Già le mamme. E la famiglia. E i figli. Le prime, di cui ne “I soliti ignoti” a Renato Salvatori che, trovatello, ne aveva addirittura tre, il simpatico “Ferribotte” (al secolo Tiberio Murgia) ricordava con forte accento siciliano che di ognuna “ce n'è una sola”. La seconda, l'appartenenza alla quale secondo Leo Longanesi andrebbe addirittura riportata nel tricolore. E infine i terzi che, come ci ha insegnato Libero Bovio e come ci ha cantato fino allo sfinimento Mario Merola, “so' piezze 'e core”.
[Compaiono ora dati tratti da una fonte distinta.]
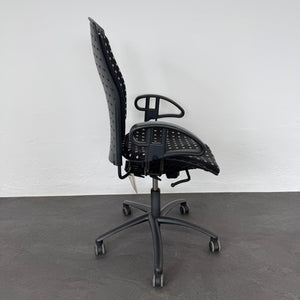 Sitag Reality Bürodrehstuhl Synchronmechanik mit Gewichtseinstellung und Arretierung mit Armlehnen - Stoff Schwarz/Weiss gemustert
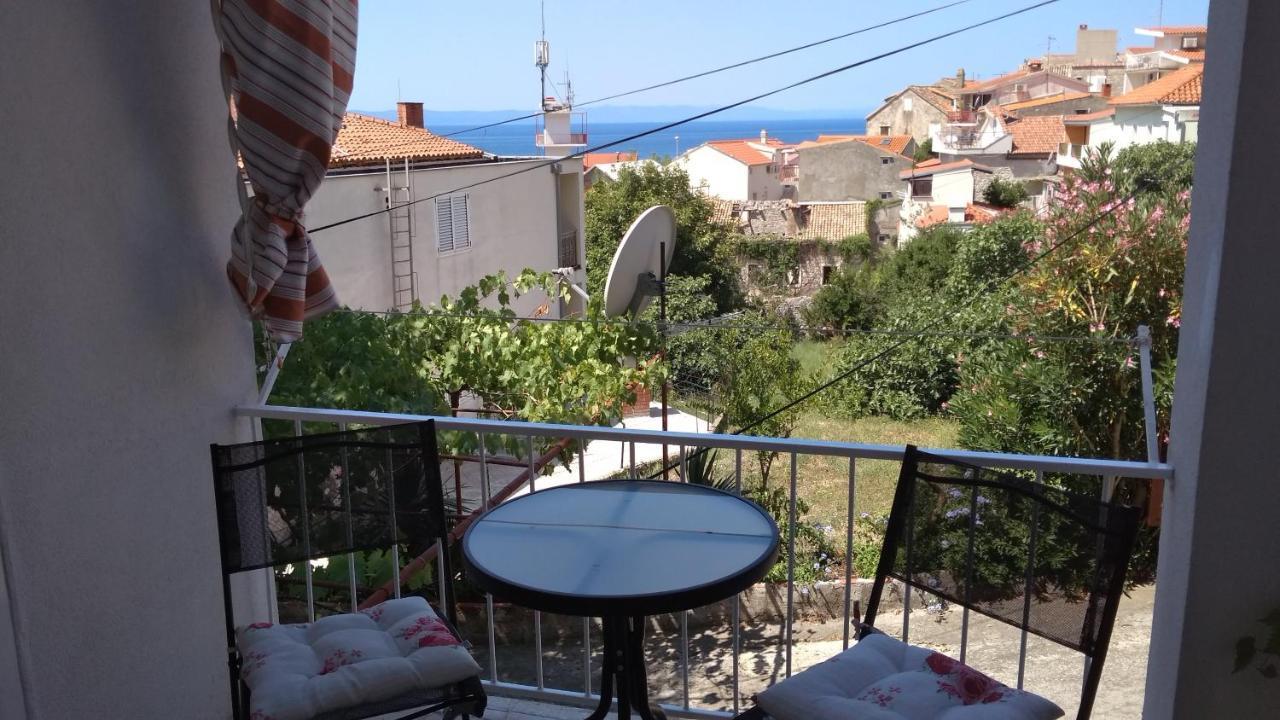 Apartment For 6 In Makarska Centar Экстерьер фото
“Il patriottismo è l'ultimo rifugio delle canaglie” diceva Samuel Johnson, affermando una verità nota a tutti e in particolare a noi italiani che, tanto per dirne una, inventando il fascismo, abbiamo dato ampia prova di come qualunque mascalzone possa presentarsi quale benemerito. Ma noialtri figli del Belpaese abbiamo creato anche un rifugio per gli incapaci, i falliti, gli inetti o comunque i confusi, quelli che, quando non sanno che pesci pigliare, attingono a piene mani alla retorica degli affetti familiari; che è un espediente logoro, ma purtroppo sempre efficace.

Il neosindaco (o neosindaca: straordinaria anche questa discussione da paese da operetta) di Roma, Virginia Raggi, carneade ascesa alla massima carica dei quiriti, dopo alcuni tentennamenti di cui la stampa ha ampiamente riferito, durante la prima riunione dell'assemblea capitolina ha esibito orgogliosa agli astanti il figlio di sette anni, volendo forse rinverdire le glorie della celebre Cornelia degli Scipioni di cui ci riferisce Plutarco (la matrona però di figli ne aveva due). Qualche giorno prima invece, dimostrando da quale laicismo è animata, si era recata in visita al papa, trascinandosi dietro non solo il già citato figlio (dal nome da evangelista: Matteo) ma anche la mamma e il papà. Insomma, se Francesco era preoccupato delle intenzioni del nuovo capo della giunta, la Nostra si è affrettata a rassicurarlo, spendendo poi sul pontefice parole che non riferisco perché si perdono nel coro zuccheroso di tutti coloro che, dal giorno della sua elezione, tessono le lodi del papa argentino. Mi piace aggiungere poi, facendo un ulteriore passo indietro, che durante la campagna elettorale la signora Raggi aveva definito una “coincidenza” lo sciopero di alcuni autisti della società dei trasporti svoltosi, guarda caso, proprio in contemporanea alla prima partita della Nazionale. Insomma, gli estimatori del Tancredi Falconeri de “Il gattopardo”, secondo il quale tutto doveva cambiare affinché tutto restasse com'era, possono dormire sonni tranquilli.

Noi insonni invece ci consoliamo pensando che alla prima buccia di banana, su cui prima o poi la sindaca scivolerà, avremo il piacere di conoscere anche il marito o colui che ne fa le veci. Però... Però ci piacerebbe tanto che alle prossime elezioni si presentasse a candidato sindaco uno che abbia come slogan la famosa frase del dimenticato André Gide: Famiglie, vi odio!”. Uno così lo voteremmo volentieri.